Przed wyjściem włączył radio na stole. Gdy tylko dorośli wyszli, lekarz poprosił matkę Gillian, aby przyjrzała się temu, co robi jej córka. Natychmiast zerwała się na równe nogi i ruszyła w rytm muzyki. Patrzyli na to przez kilka minut, po czym lekarz odwrócił się i powiedział: „Pani Lin, Gillian nie jest chora. Ona jest tancerką. Wyślij ją do szkoły choreograficznej”.

Zapytałem, co stało się później. Powiedziała: „Mama postąpiła zgodnie z jego radą i było cudownie. Weszliśmy do pokoju, w którym byli ludzie tacy jak ja - nikt nie mógł usiedzieć spokojnie. Ludzi, którzy musieli się ruszać, żeby myśleć”.

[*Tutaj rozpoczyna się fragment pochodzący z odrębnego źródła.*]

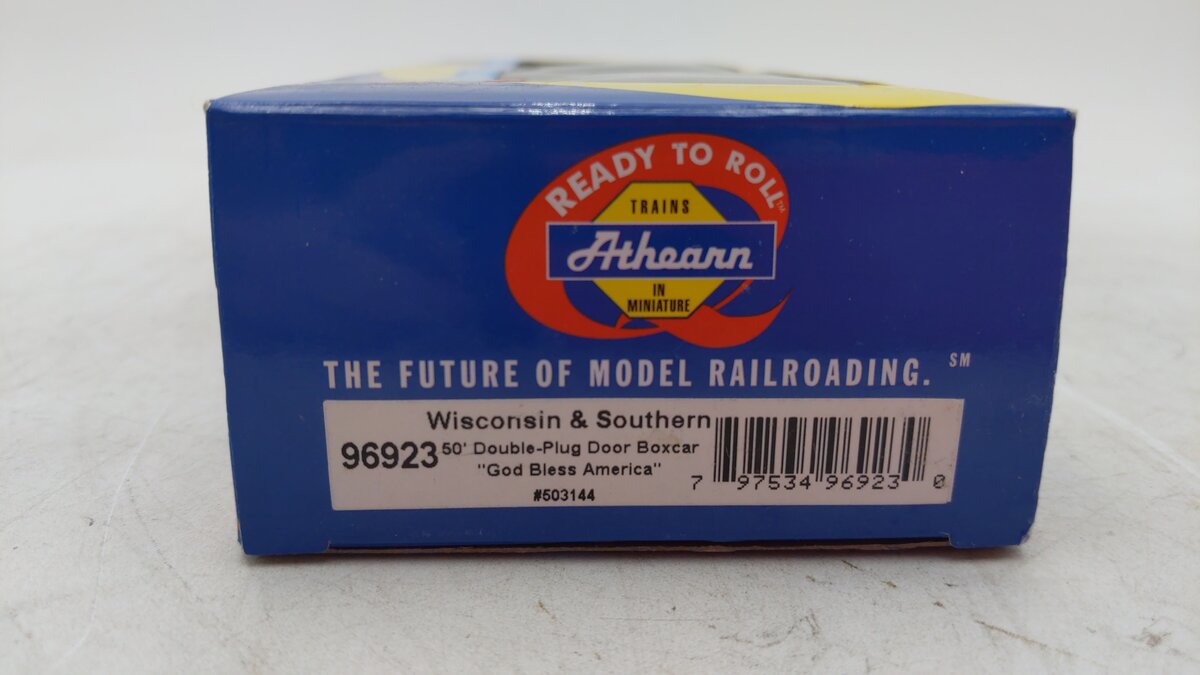 Athearn 96922 HO WSOR/Never Forget RTR 50' Double Door Plug Boxcar #503801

Uczyli się baletu, stepu, jazzu, zajmowali się tańcem nowoczesnym i współczesnym. Z biegiem czasu została przyjęta do Royal Ballet School, została solistką, zrobiła błyskotliwą karierę w Royal Ballet. W końcu ukończyła Royal Ballet School, założyła Gillian Lean Dance Company i poznała Andrew Lloyda Webera.

Gillian stworzył jedne z najsłynniejszych muzycznych produkcji w historii, przyniósł radość milionom i stał się multimilionerem. Ale inny lekarz mógłby przepisać jej tabletki i uspokoić.

Gillian Lin na Laurence Olivier Awards, Londyn, 28 kwietnia 2013
Gillian Lin na Laurence Olivier Awards, Londyn, 28 kwietnia 2013

Gillian Lin na Laurence Olivier Awards, Londyn, 28 kwietnia 2013.

Myślę, że wszystko sprowadza się do jednego. Al Gore niedawno wygłosił wykład na temat ekologii i rewolucji, który został zainicjowany przez Rachel Carson. Wierzę, że naszą jedyną nadzieją na przyszłość jest przyjęcie nowej koncepcji ludzkiej ekologii, takiej, w której zaczniemy ponownie przemyśleć bogactwo ludzkich możliwości.

Nasz system edukacyjny opróżnił nasze umysły, kiedy opróżniamy trzewia ziemi w dążeniu do określonych celów. Ale nie możemy dalej korzystać z takiego systemu. Musimy przemyśleć podstawowe zasady nauczania naszych dzieci.

Jonas Salk powiedział kiedyś: „Jeśli wszystkie owady znikną z powierzchni Ziemi, za 50 lat planeta straci życie. Jeśli wszyscy ludzie znikną z powierzchni Ziemi, za 50 lat wszystkie formy życia rozkwitną”. I on ma rację.

TED to hołd dla ludzkiej wyobraźni. Musimy starać się mądrze wykorzystać ten dar, aby uniknąć rozwoju omawianych wydarzeń. Jedynym wyjściem dla nas jest docenienie różnorodności naszej kreatywności i docenienie naszych dzieci, ponieważ są one naszą nadzieją. Musimy ich uczyć całościowo, aby radziły sobie z przyszłością, której, jak zauważam, możemy nie znaleźć, ale na pewno ją odnajdą. Musimy pomóc im to ukształtować.